→ **Task prompt**: Each line below should be repeated exactly as written, with no pictures carried over.

*** Provided material Section Begins ***

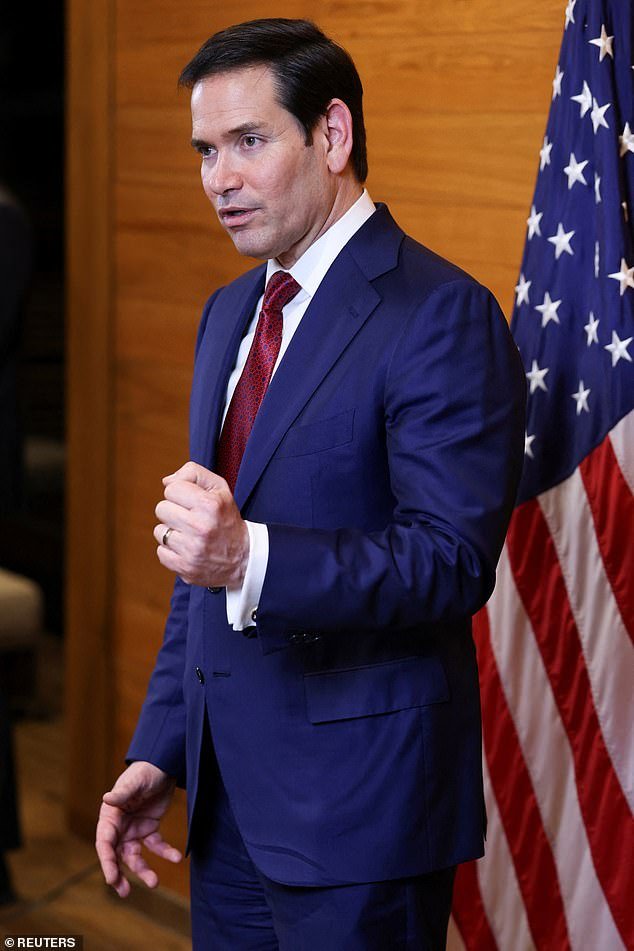 Marco Rubio cancela viaje a Israel después de que el ayatolá iraní muriera en ataques aéreos estadounidenses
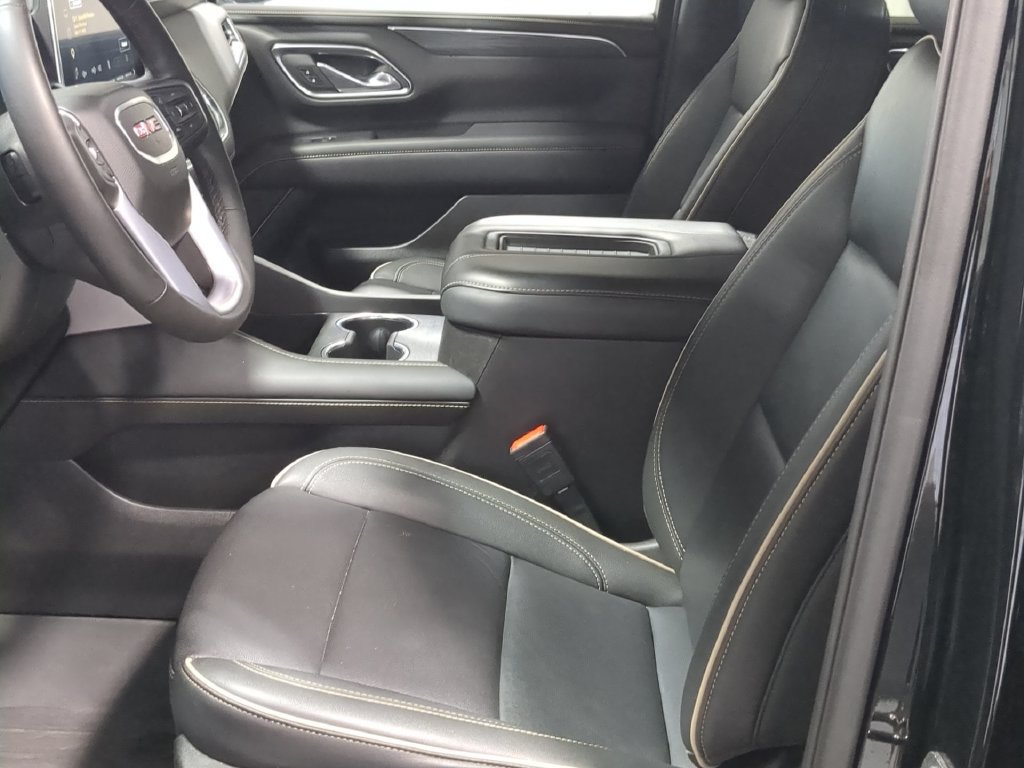 Used 2024 GMC Yukon XL SLT w/ SLT Premium Package AWD/4WD image 20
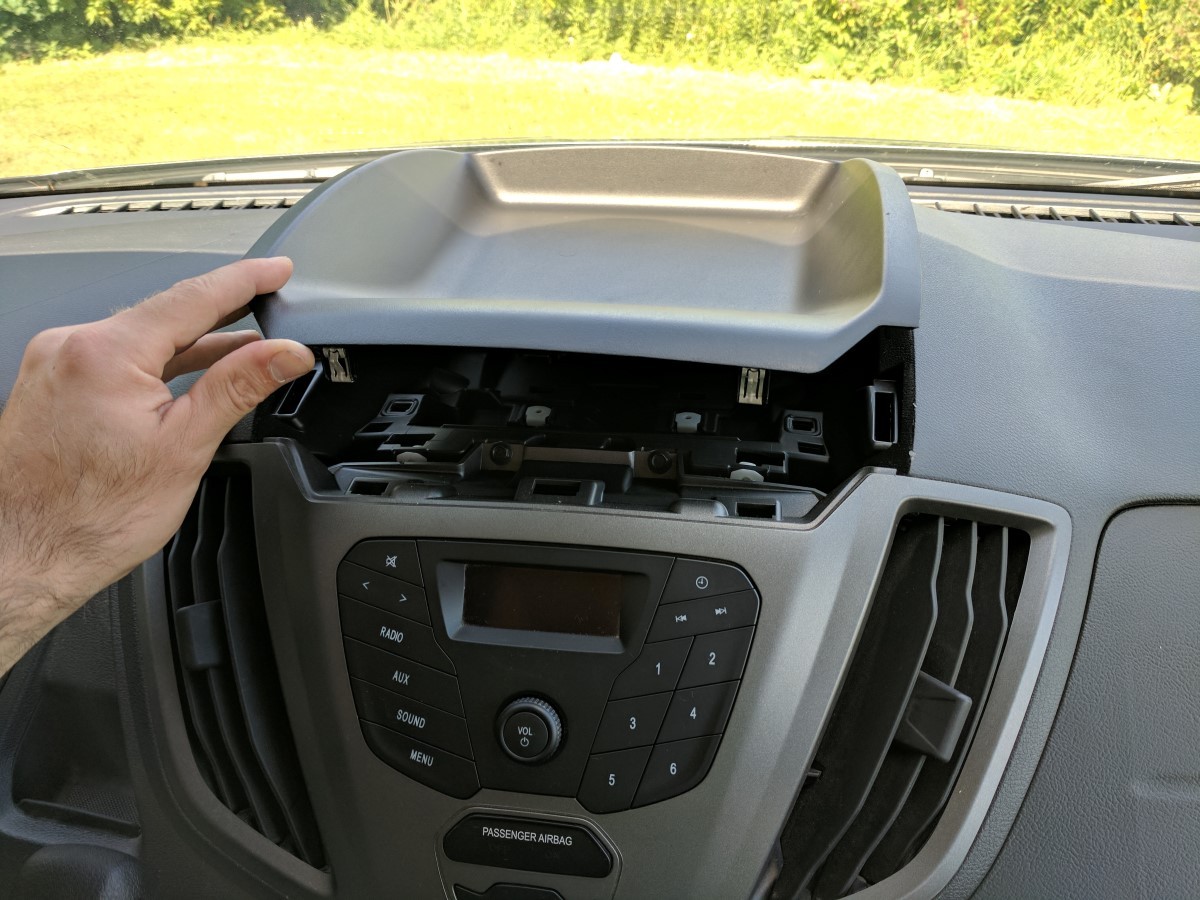 Ford Transit Radio Upgrade DDIN Joying Android (2).jpg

*** Provided material Section Ends ***

→ **Response to the exercise**:
 Marco Rubio cancela viaje a Israel después de que el ayatolá iraní muriera en ataques aéreos estadounidenses
 Used 2024 GMC Yukon XL SLT w/ SLT Premium Package AWD/4WD image 20
 Ford Transit Radio Upgrade DDIN Joying Android (2).jpg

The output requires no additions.